Mike Ashley and Sports Direct store Image copyright PA
Image caption The Church's investment arm voted against the re-election of chief executive, Mr Ashley, at the group's 2017 AGM

The Church of England has been praised for criticising working practices at Sports Direct, despite holding a stake in the high street chain.

The Church Commissioners, which manages its £7.9bn investment fund, attacked the retailer in a series of letters, the Press Association reported.

Unite, which highlighted "Victorian" conditions at the company's Derbyshire warehouse, said it shared the concerns.

Sports Direct said it had addressed the "historic issues".

The Church of England still holds a minority stake in tycoon Mike Ashley's chain, the BBC understands, but continues to engage over key areas of concern.

A spokesman confirmed it sent letters to Sports Direct attacking executive pay and working conditions.

The letters were sent over the last two years, when Sports Direct was dealing with union claims of not treating workers as humans at the Shirebrook headquarters, according to the Press Association.

Image copyright PA
Image caption Conditions at the firm's Shirebrook warehouse have been compared with those of a Victorian workhouse

The Church Commissioners voted against the re-election of both chairman, Keith Hellawell, and chief executive, Mr Ashley, at the group's 2017 AGM.

Mr Hellawell was re-elected despite 47% of independent shareholders opposing the move.

The Church also voted against an £11m back-payment to Mr Ashley's brother John Ashley.

It supported union calls for an independent review of working practices and corporate governance.

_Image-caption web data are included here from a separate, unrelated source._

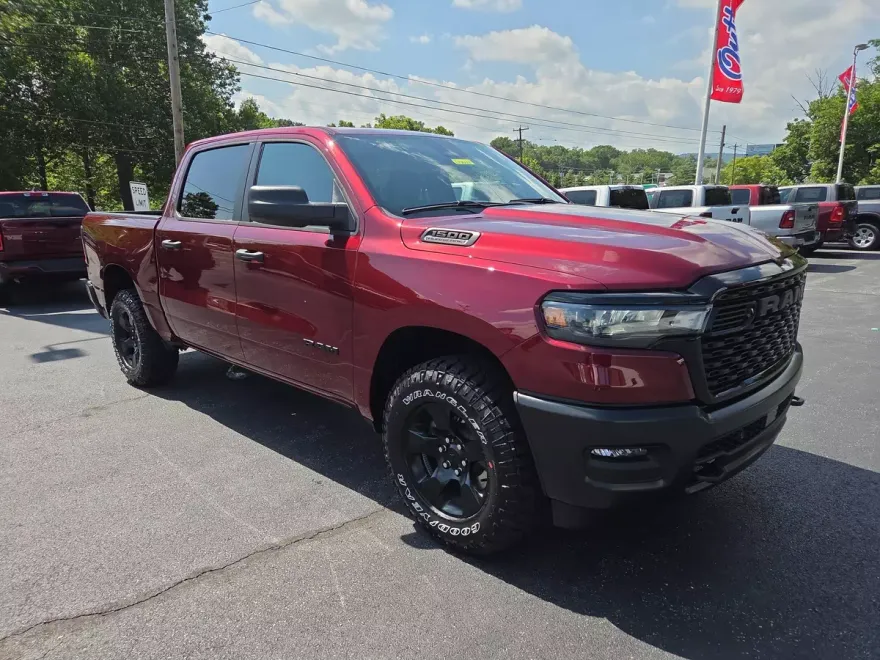 2026 Ram 1500 Warlock photo 1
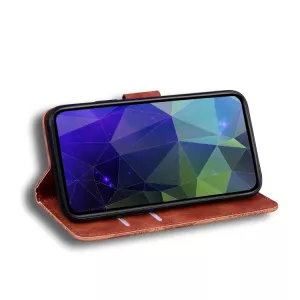 Kožené pouzdro Honor X8 hnědé, brown řada CLASSIC TT-TopTechnology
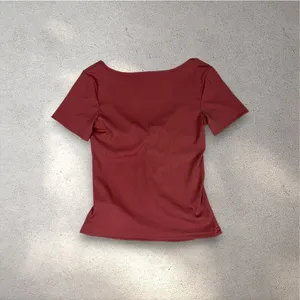Dazy Twist Front Ribbed Knit Top Women's S Red Sweetheart Chic Night Out Y2K EUC thumbnail 2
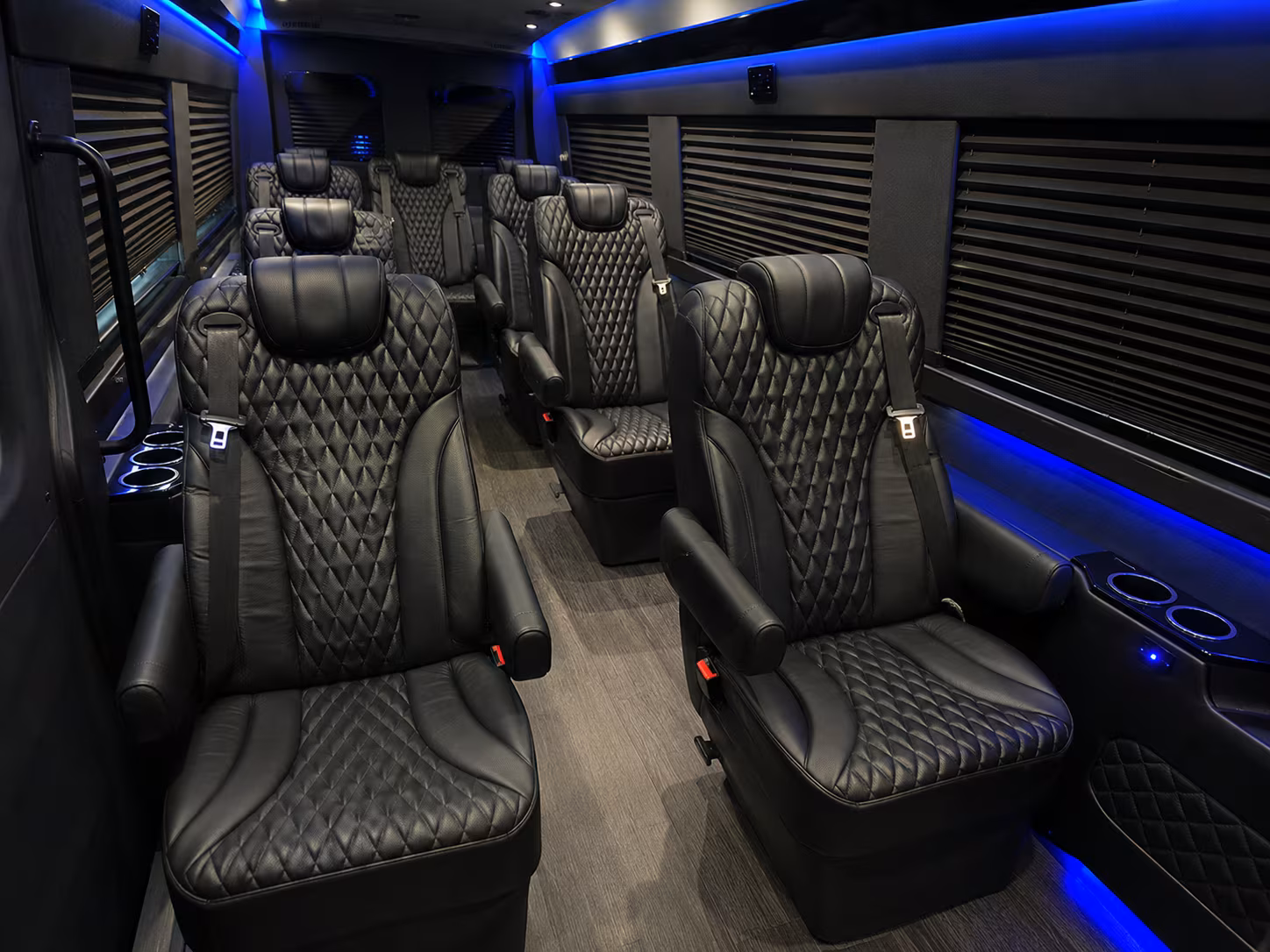 jackson 12 passenger sprinter van interior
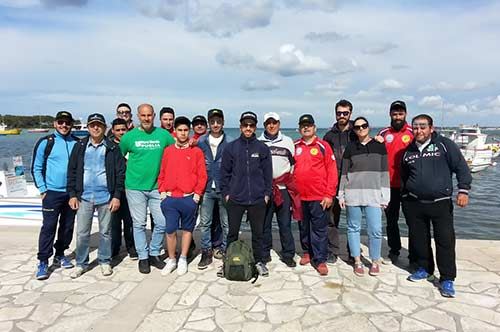 A pesca di immondizia, Porto Cesareo a difesa del mare pulito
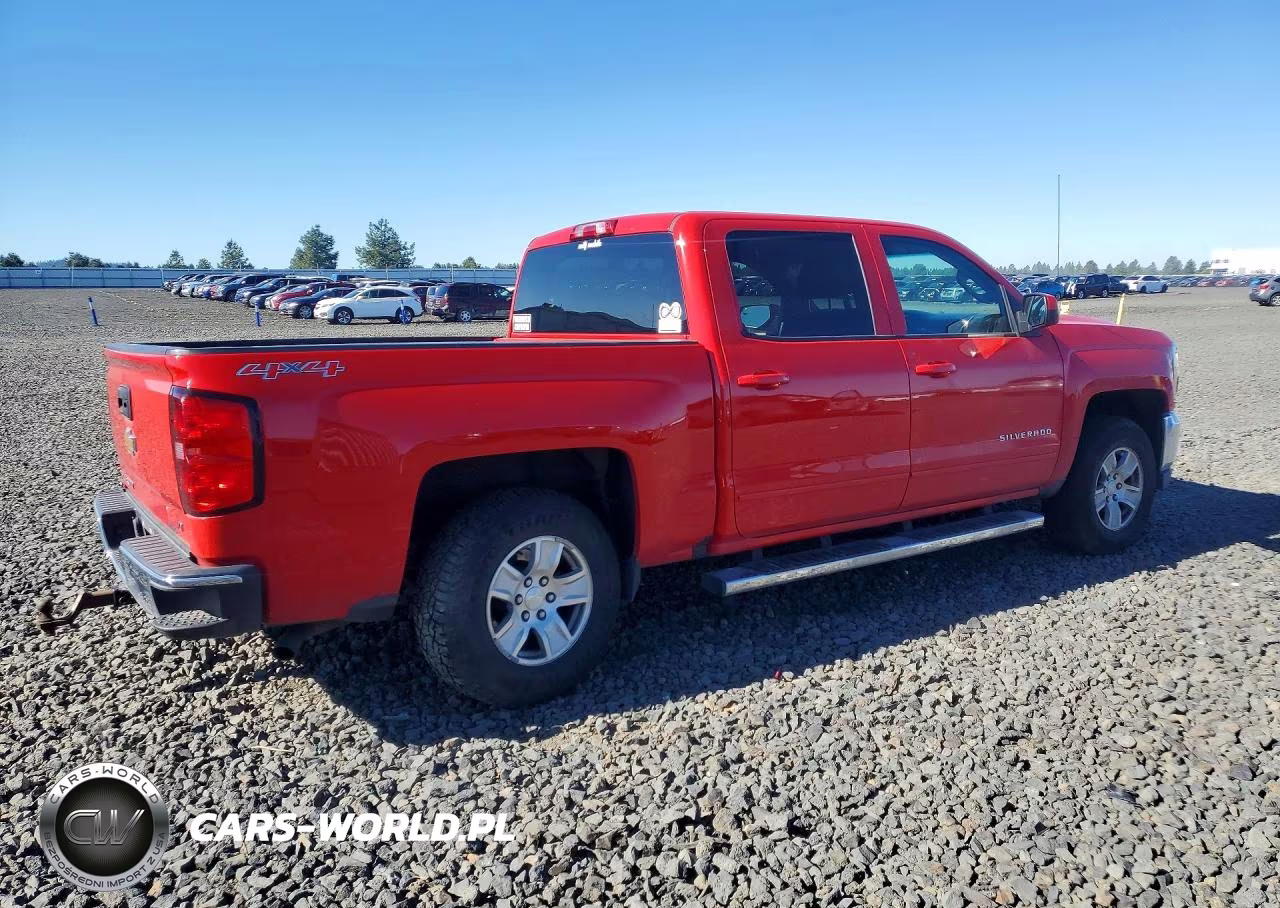 2017 Chevrolet Silverado K1500 Lt VIN:3GCUKREC5HG167772 - 3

Unite praised the Church's criticisms, saying: "All too often we see shareholders being too passive but it can have reputational consequences."

Image copyright Getty Images

The Church of England's ethical investment policy dictates that all investments should be compatible with Christian values and recommends against investment in companies which

  • make more than 3% of their income from pornography
  • 10% from military products and services
  • 25% from other industries such as gambling, alcohol and high interest rate lenders

However, in 2013 it emerged it had invested indirectly in payday loan firm Wonga.

Sports Direct said many of these "historic issues" had been addressed at September's AGM.

"We note that under its 2018 voting policy the Church will not back members of nomination committees where less than 25% of the board are women," the statement said.

"We recognise the value and need for female representation on the board, and we are taking steps to address this."